The samples were kept in the dark and the angle of contact was measured at intervals. It was found that the contact angle increased slowly in the dark, but the contact angle of example 1 increased only to twenty more degrees. While comparative example 1 rose to more than sixty degrees. The super-hydrophilic effect of example 1 was achieved for a period of more than 48 hours. (results are shown in FIG. 2) effects of the invention

The coating film is composed of the high hydrophilic polytitanium siloxane and the photocatalyst which can generate super hydrophilic property through light induction, so that the coating film can maintain the long-term hydrophilic effect and has good antifogging property, antistatic property and self-cleaning function. The defect that the super-hydrophilic effect of the traditional photocatalyst coating film needs a long time from the completion of preparation to the exertion of the effect is overcome. And because the main body of the coating film is formed by Ti-O-Si bonds, the coating film is very stable, the damage of the oxidation-reduction effect of the photocatalyst to the coating film is avoided, and the coating film has very excellent weather resistance and durability. Can be applied to various surfaces needing antifogging, antistatic and self-cleaning. Is an ideal functional coating. Can be conveniently applied to various occasions and has important practical value.

Claims

1. A compound product with durable hydrophilicity and higher hydrophilicity under photocatalysis is characterized by that its main component is formed from polytitanium siloxane resin and photocatalyst material.
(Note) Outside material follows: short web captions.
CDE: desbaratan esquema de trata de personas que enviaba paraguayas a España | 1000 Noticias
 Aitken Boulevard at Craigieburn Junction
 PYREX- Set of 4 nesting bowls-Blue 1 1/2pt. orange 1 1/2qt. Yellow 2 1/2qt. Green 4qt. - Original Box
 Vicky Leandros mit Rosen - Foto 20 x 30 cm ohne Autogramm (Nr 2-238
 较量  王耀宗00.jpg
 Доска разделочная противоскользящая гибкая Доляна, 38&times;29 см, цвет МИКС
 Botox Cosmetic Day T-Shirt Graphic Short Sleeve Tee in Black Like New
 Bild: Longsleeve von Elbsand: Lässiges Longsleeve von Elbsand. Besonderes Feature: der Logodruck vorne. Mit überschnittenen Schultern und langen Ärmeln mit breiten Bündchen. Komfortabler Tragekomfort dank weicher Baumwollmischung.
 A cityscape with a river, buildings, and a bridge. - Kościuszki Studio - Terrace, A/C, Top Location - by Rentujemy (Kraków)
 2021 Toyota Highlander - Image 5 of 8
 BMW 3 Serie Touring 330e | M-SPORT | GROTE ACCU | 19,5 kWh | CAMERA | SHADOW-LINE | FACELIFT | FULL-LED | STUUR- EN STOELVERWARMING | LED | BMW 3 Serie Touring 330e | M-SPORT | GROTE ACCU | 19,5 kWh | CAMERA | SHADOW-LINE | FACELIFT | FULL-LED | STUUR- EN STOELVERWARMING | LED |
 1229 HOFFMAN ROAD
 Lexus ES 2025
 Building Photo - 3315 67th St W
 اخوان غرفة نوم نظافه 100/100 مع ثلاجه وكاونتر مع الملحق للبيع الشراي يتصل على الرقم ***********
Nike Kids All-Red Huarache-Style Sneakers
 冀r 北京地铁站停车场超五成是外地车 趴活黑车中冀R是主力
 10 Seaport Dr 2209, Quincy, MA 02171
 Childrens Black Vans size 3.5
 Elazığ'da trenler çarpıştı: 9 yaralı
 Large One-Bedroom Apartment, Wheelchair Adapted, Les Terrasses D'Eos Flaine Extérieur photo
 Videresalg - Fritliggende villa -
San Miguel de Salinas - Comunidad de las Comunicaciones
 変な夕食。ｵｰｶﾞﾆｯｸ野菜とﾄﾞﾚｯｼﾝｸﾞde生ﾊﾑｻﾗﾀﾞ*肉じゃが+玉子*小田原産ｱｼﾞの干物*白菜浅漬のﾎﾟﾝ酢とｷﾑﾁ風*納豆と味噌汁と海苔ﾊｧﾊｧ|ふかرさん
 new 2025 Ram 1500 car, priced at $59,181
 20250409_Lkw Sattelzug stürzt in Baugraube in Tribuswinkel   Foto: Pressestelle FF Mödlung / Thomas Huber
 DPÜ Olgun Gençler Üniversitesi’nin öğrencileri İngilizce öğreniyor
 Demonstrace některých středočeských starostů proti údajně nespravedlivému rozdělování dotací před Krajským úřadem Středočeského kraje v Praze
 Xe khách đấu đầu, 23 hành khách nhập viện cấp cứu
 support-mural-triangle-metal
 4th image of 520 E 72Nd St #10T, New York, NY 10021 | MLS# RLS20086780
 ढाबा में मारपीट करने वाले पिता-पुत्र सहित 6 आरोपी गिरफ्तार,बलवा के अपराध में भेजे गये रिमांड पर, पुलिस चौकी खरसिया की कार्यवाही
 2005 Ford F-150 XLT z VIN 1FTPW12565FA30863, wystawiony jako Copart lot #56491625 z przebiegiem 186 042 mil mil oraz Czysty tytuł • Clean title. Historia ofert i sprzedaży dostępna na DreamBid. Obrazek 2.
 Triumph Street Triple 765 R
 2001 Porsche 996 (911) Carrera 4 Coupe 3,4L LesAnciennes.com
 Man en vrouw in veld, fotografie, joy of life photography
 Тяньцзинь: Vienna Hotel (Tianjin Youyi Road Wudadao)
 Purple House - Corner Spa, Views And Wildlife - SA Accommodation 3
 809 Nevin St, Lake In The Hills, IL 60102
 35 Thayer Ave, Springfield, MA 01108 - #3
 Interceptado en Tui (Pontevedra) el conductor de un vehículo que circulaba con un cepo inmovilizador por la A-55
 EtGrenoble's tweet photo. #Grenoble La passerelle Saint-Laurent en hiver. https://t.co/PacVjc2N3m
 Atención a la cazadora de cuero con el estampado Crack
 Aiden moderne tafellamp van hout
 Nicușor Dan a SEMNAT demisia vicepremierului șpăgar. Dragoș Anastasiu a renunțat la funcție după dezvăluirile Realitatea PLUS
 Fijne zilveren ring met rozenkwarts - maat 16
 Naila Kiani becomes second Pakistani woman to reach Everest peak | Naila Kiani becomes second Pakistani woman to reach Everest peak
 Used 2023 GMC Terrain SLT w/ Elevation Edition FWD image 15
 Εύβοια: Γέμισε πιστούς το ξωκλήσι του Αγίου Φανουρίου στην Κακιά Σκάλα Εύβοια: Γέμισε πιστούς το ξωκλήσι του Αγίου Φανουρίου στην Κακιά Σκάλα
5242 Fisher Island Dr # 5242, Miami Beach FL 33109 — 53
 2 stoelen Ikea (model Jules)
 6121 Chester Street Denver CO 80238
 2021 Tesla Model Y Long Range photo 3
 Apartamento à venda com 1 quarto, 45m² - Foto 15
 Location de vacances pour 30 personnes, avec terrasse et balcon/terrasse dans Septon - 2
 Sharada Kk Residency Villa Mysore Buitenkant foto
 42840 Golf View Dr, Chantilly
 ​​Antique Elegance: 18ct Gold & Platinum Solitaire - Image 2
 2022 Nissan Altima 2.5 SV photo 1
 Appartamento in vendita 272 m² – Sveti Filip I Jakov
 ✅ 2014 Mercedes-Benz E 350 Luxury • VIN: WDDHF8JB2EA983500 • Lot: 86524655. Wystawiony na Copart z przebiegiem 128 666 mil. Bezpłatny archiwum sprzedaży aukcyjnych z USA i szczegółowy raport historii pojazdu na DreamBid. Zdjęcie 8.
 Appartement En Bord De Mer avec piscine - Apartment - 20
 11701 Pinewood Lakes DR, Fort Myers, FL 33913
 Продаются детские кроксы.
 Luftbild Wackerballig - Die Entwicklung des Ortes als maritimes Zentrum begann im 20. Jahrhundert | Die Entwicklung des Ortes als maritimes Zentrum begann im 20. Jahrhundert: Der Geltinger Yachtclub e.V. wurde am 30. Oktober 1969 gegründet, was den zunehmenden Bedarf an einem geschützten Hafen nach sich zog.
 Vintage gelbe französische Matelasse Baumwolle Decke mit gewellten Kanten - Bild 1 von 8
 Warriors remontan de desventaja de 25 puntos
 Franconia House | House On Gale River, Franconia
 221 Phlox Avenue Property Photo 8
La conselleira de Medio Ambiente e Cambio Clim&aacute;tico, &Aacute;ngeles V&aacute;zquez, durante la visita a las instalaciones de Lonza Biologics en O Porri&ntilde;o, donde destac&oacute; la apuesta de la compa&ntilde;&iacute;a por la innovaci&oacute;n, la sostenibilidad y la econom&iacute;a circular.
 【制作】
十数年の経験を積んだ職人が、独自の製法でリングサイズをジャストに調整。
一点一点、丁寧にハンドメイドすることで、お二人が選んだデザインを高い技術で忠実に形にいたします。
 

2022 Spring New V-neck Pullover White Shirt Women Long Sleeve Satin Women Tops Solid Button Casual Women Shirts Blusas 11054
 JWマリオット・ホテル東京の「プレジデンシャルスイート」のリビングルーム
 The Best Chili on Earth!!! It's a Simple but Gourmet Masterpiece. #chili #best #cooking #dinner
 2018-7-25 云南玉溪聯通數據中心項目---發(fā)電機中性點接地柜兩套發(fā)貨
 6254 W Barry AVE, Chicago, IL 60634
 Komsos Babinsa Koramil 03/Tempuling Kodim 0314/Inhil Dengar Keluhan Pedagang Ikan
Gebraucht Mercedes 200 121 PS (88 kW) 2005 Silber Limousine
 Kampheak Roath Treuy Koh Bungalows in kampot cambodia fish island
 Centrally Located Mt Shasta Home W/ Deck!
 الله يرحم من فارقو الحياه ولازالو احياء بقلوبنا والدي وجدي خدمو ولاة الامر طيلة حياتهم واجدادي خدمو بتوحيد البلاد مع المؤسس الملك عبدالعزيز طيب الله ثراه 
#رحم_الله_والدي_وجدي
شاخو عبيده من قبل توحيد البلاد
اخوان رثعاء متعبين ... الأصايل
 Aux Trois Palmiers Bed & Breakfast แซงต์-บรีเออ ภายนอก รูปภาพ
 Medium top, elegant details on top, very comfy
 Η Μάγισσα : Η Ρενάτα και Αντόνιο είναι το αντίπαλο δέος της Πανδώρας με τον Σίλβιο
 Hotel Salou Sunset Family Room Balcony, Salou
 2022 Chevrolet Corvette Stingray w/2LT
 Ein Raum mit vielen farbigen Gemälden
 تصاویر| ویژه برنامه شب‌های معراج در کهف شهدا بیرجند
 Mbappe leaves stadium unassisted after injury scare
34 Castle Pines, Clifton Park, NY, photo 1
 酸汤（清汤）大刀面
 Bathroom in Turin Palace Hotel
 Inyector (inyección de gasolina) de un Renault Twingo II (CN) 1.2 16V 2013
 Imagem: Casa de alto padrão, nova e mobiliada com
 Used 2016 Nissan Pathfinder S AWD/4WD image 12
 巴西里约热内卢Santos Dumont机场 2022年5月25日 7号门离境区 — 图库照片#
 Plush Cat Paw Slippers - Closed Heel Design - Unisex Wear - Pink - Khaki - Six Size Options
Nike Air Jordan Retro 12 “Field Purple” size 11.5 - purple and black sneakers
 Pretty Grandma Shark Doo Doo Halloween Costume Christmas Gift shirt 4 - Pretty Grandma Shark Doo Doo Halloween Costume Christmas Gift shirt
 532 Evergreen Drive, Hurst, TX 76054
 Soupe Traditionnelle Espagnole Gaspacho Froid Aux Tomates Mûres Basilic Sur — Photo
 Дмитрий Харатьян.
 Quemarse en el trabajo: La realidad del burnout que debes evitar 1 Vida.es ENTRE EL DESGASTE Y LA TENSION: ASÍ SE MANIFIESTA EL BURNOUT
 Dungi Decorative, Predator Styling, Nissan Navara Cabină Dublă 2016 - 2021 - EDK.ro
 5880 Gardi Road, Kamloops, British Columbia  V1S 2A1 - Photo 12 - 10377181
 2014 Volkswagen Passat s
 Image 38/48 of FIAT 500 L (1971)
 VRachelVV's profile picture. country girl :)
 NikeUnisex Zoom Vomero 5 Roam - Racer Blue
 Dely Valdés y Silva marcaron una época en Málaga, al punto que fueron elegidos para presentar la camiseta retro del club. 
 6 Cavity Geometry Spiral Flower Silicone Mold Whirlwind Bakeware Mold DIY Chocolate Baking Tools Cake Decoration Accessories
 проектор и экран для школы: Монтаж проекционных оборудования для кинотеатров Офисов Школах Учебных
2. The product of the titanium polysiloxane compound contained in claim 1, wherein the organosilane as the raw material in the synthesis of the titanium polysiloxane resin contains a silane material which can produce hydrophilic hydroxyl groups after hydrolysis.

3. A silane material capable of generating an amphiphilic hydroxyl group according to claim 2, wherein the silane material comprises a silane material having an epoxy group and an acyloxy group, and specifically, N- (3-acryloyloxy) -3-aminopropyltrimethoxysilane, N- (3-acryloyloxy) -3-aminopropyltriethoxysilane, γ -methacryloyloxypropyltrimethoxysilane, β - (3, 4-epoxycyclo-alkyl) ethyltrimethoxysilane, γ -glycidylether epoxypropyltrimethoxysilane, or the like, as long as they contain an epoxy group or an acyloxy group.

4. The compound of claim 1 wherein the titanium component of the polytitanium siloxane resin is derived from a titanate ester or titanate. Such as tetrabutyl titanate or the like, titanium tetrachloride, and the like. One or a combination of several of them.

5. The hydrophilic composite article according to claim 1, wherein the proportion of the polytitanium siloxane resin is 5 to 90% by weight.

6. The coated film according to claim 1 wherein the photocatalyst comprises TiO₂，SnO₂，ZnO，Fe₂O₃，WO₃，Sr(TiO₃) Etc. or a mixture thereof.

7. The photocatalyst according to claim 5, comprising anatase titanium dioxide.

8. The anatase titanium dioxide according to claim 6 having a particle size of 100 nm or less.

9. The anatase titanium dioxide of claim 7 further including other dopants based on titanium dioxide that enhance the charge separation upon photoexcitation. Including titanium dioxide supporting metals such as iron, platinum, nickel, rhodium, etc., and mixtures of titanium dioxide and certain strong acid type metal oxides such as tungsten oxide, iron oxide, molybdenum oxide, silicon oxide, etc.

10. The hydrophilic compound preparation of claim 1, which is composed of an inorganic compound having a titanium-silicon-oxide (Ti-O-Si) bond as a main component, wherein a part of the organic groups bonded to the titanium-silicon-oxide bond can be decomposed by a photocatalyst.